Moda e luxo são sinônimos? Não!
Refletimos como a moda e o luxo se encontram e onde se afastam na indústria atual.
“Há uma ligação histórica com a forma como a elite se vestia até ao início da Revolução Industrial. É a mesma coisa agora, mas com produtos de luxo”, é o que Cathy Horyn, lendária crítica de moda diz a Tim Blanks, outro respeitado jornalista e crítico, em uma extensa conversa na edição 21 da revista System.
“Toda a ideia dos impulsos iniciais da moda tornou-se ainda maior – a ilusão aumentou, o desejo aumentou. Agora não desejam simplesmente ter o vestidinho ou a bolsinha de grife, e sim ter o jato particular para andar segurando aquela bolsa ou usando aquele vestido desfilado segundos antes”, resume Tim em outro bloco.
Seja na série Kingdom of Dreams (disponível no Brasil pela HBO), ou em alguns artigos recentes de veículos como Business of Fashion, a conclusão flerta sempre com uma mesma indagação: em que momento moda e luxo voltaram a ser sinônimos?
Parece uma realidade distante, mas até 2010 a moda tinha muita clareza de que, por mais que estivessem próximas, ela e o luxo transitavam por lugares muitas vezes diferentes, tanto no imaginário coletivo, quanto entre players da indústria.

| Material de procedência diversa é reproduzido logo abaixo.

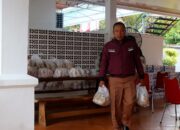 6.000 Paket Nasi Bungkus Dibagikan, Tim BPBD, Damkar, DLH Bersihkan Gunung Sariak dan Lapau Munggu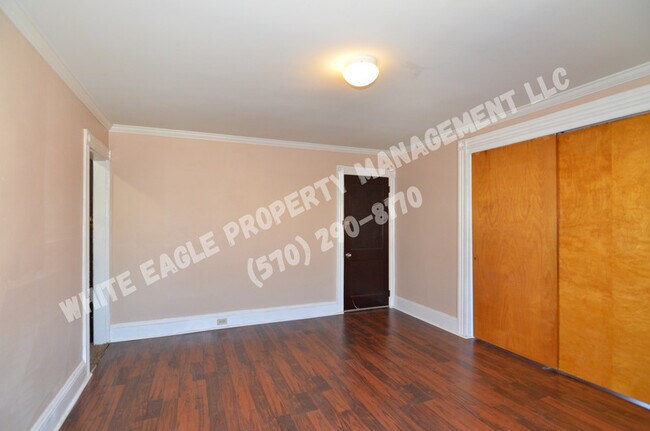 Building Photo - 1724 Brick Ave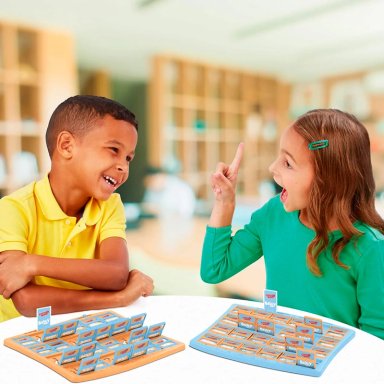 JUEGO DE MESA HASBRO GAMES EDICIÓN BLUEY ¿ADIVINA QUIÉN? - 4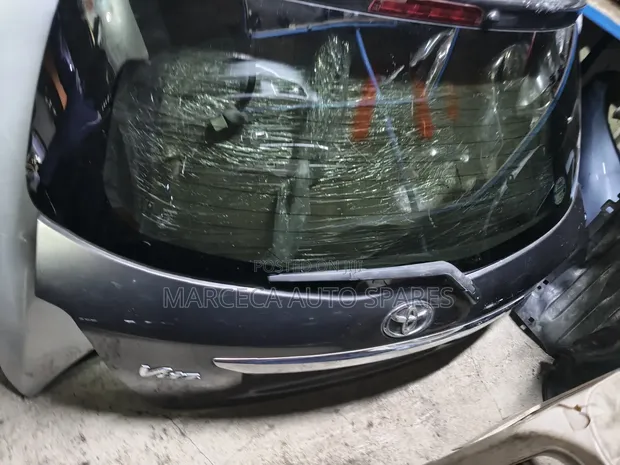 Boot ya Toyota Vitz Jewela - 1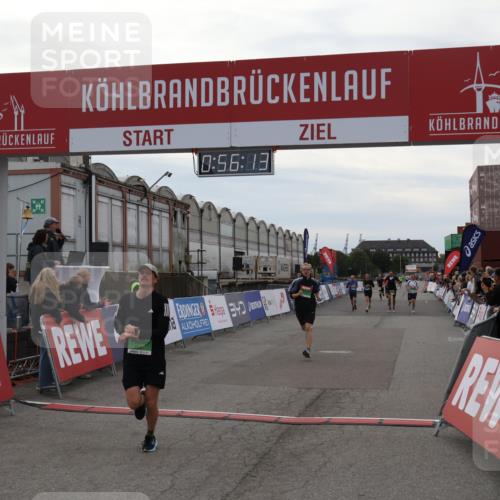 03.10.2025 - Köhlbrandbrückenlauf Julia Fischer http://msf.ph/oto/9024586 03.10.2025 15:56:13 Ziel 7012, 7128, 8820, 8976, 9231, 9525 meine-sportfotos.de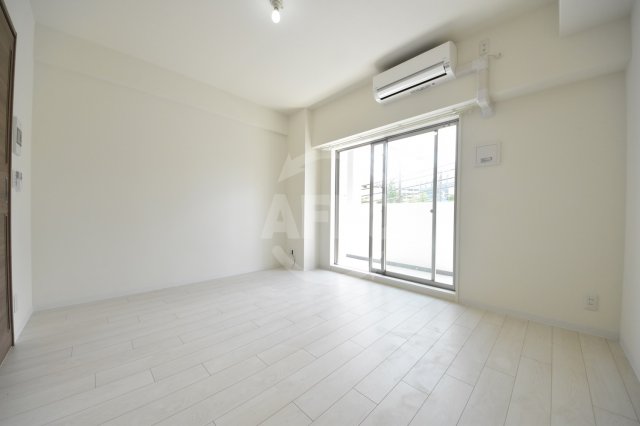 居室・リビング　ワールドアイ大阪ドームシティ　リビング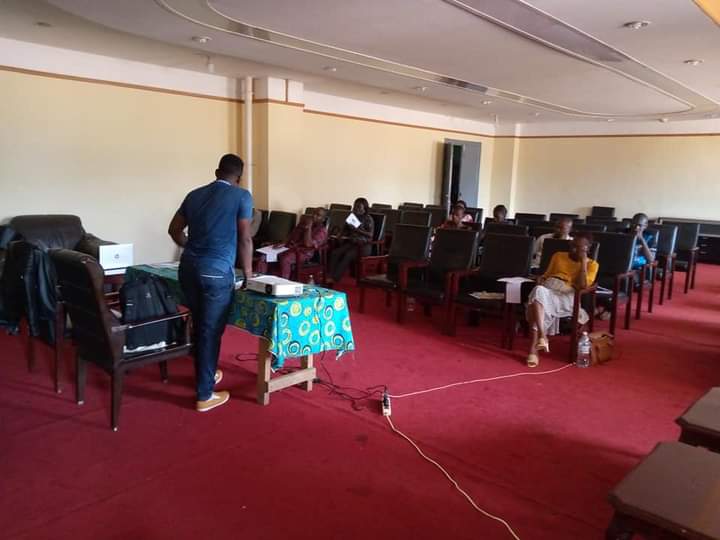 internewsrca's tweet photo. Troisième journée de l'atelier de  formation de l'équipe de monitoring des médias du Haut Conseil de la Communication sur le mécanisme de régulation des médias en ligne. 
#projetConnect#USAID
@CentrafriqueHcc @NgalingboLine @SalwaSalle @NdamoyenM  @RocardMaleyo https://t.co/EgodfWn6aK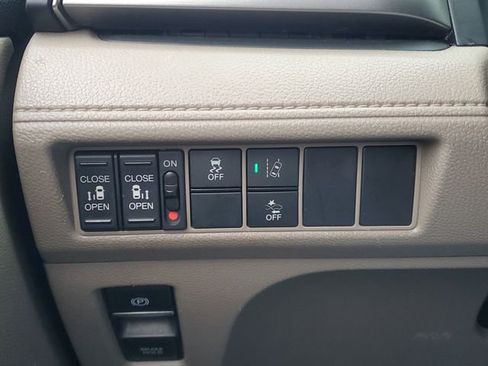 Used 2019 Honda Odyssey EX image 26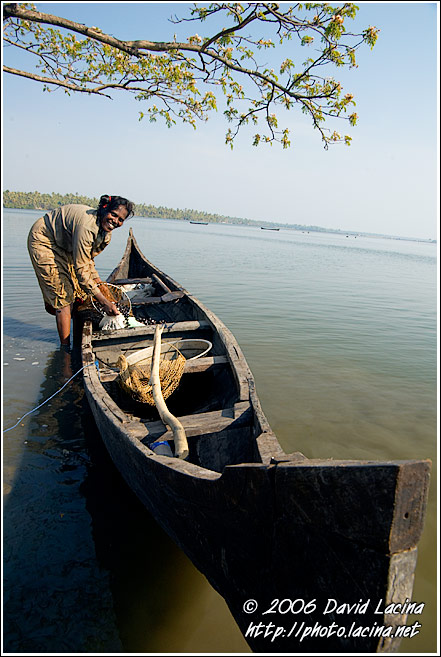 Woman And A Boat - Cochin (Kochi), South India
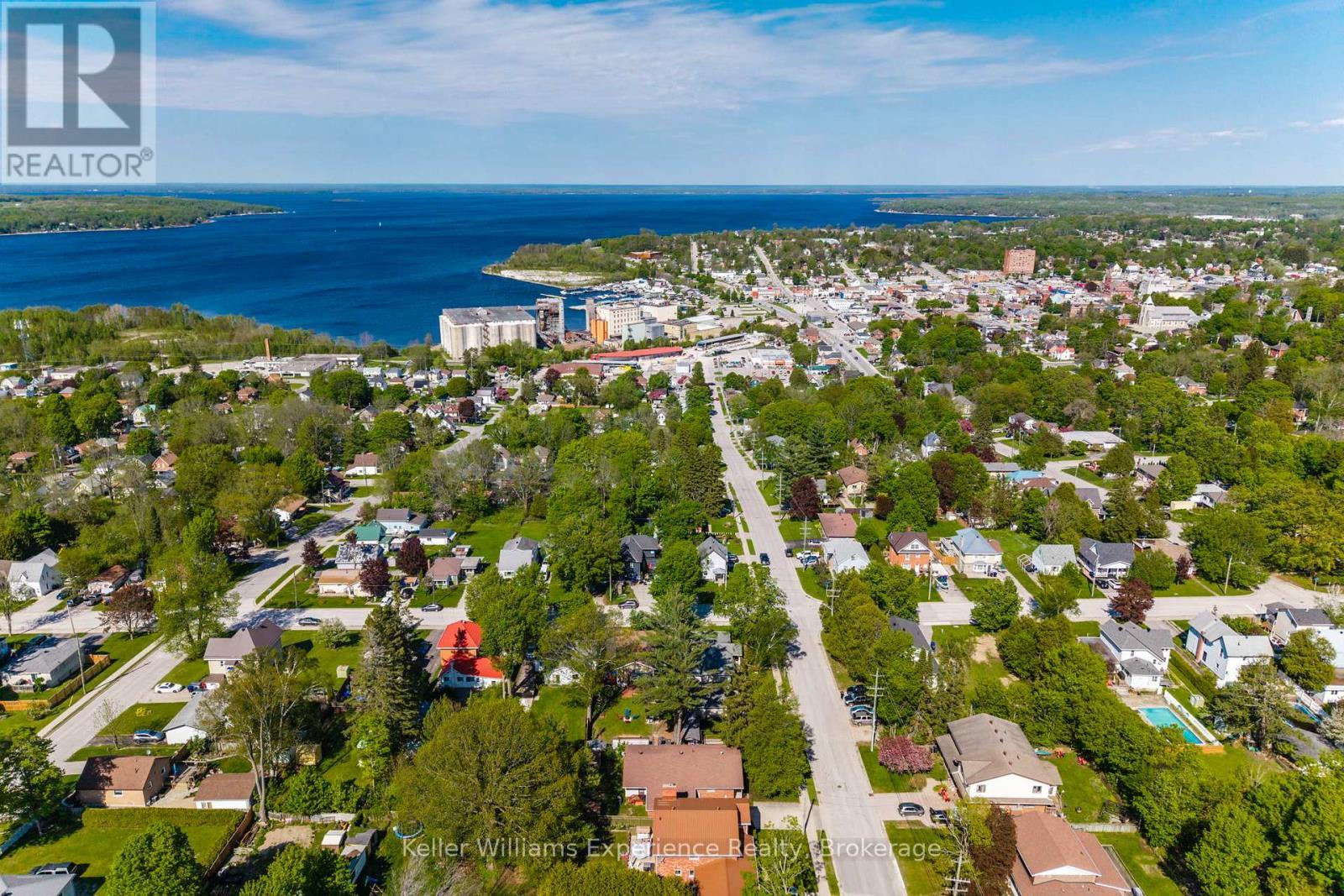 Close to Georgian Bay - 174 Seventh Street, Midland, ON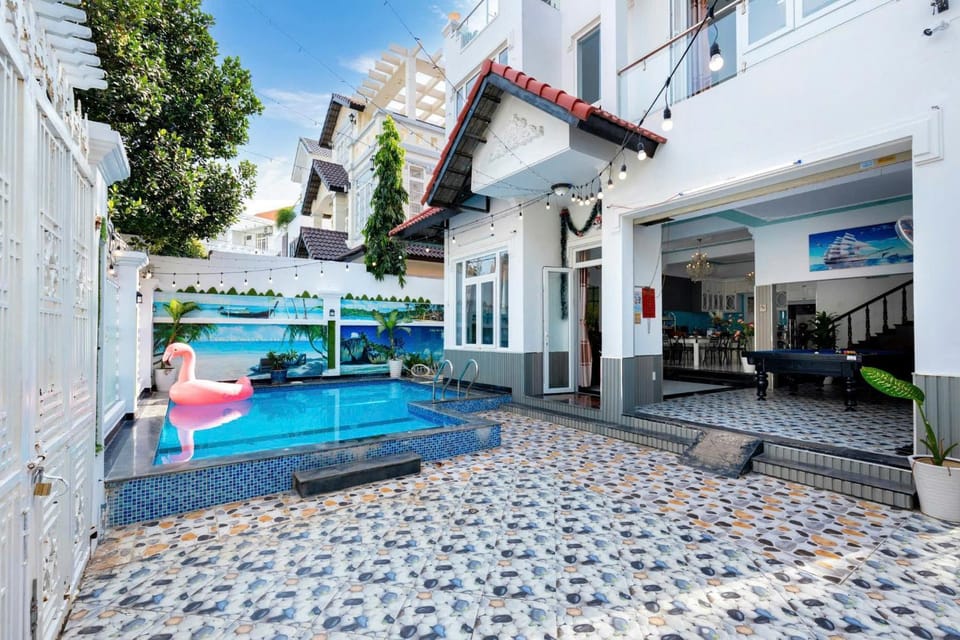 Property building, Patio, Day, Pool view, Swimming pool, sunbed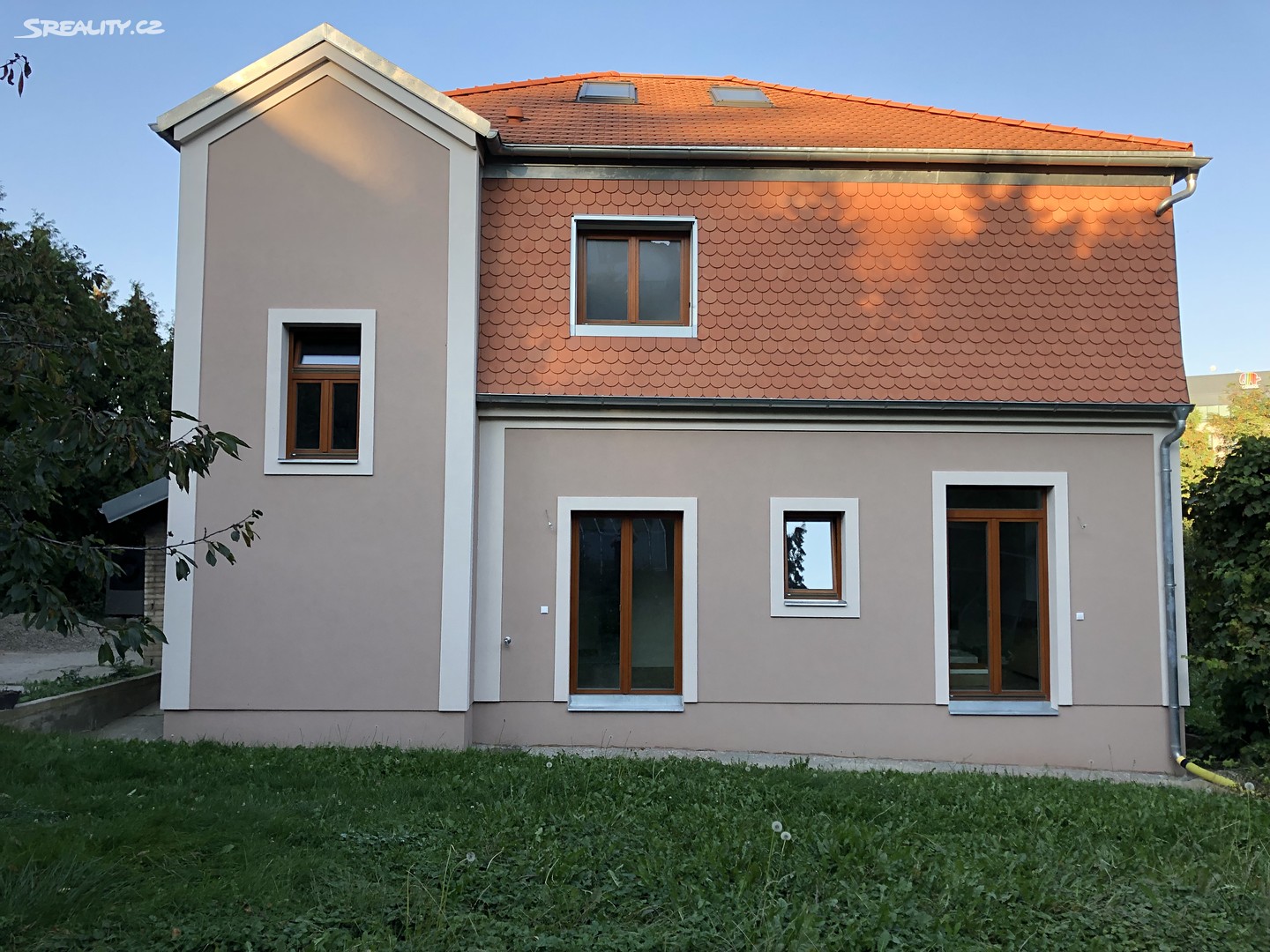 Pronájem  rodinného domu 220 m², pozemek 1 000 m², Klikatá, Praha - Praha 5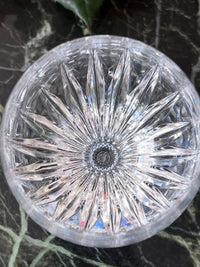 Un verre à vin Cristal Baccarat signé modèle Massena parfait état h 16,5 cm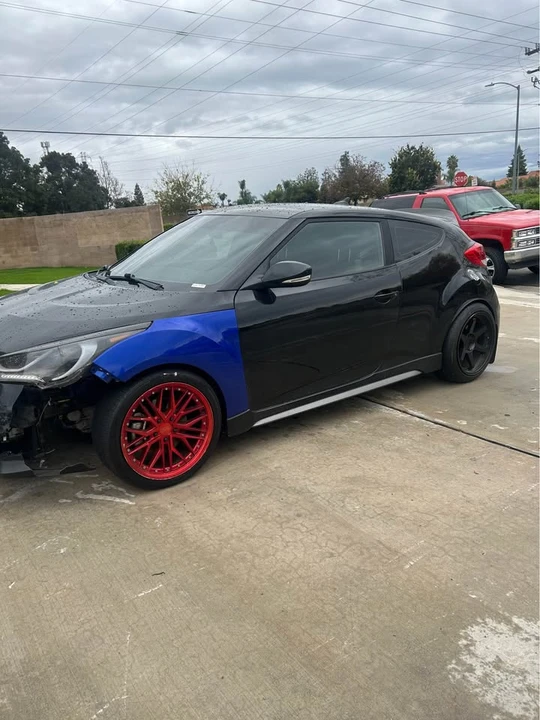 2017 Hyundai Veloster - Image 2 of 7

E aqui não estamos nos prendendo a um saudosismo, mas resumindo como era a indústria até então. Com a moda se tornando objeto não só de interesse, como alcançando um público maior, ela foi deixando de ser principalmente uma expressão cultural e artística para se tornar um instrumento de fazer dinheiro que se alimenta por desejo e status. Objetos que ilustram não apenas desejos pessoais, mas que foram completamente esvaziadas para se tornarem apenas itens ostentativos dentro de um “lifestyle”.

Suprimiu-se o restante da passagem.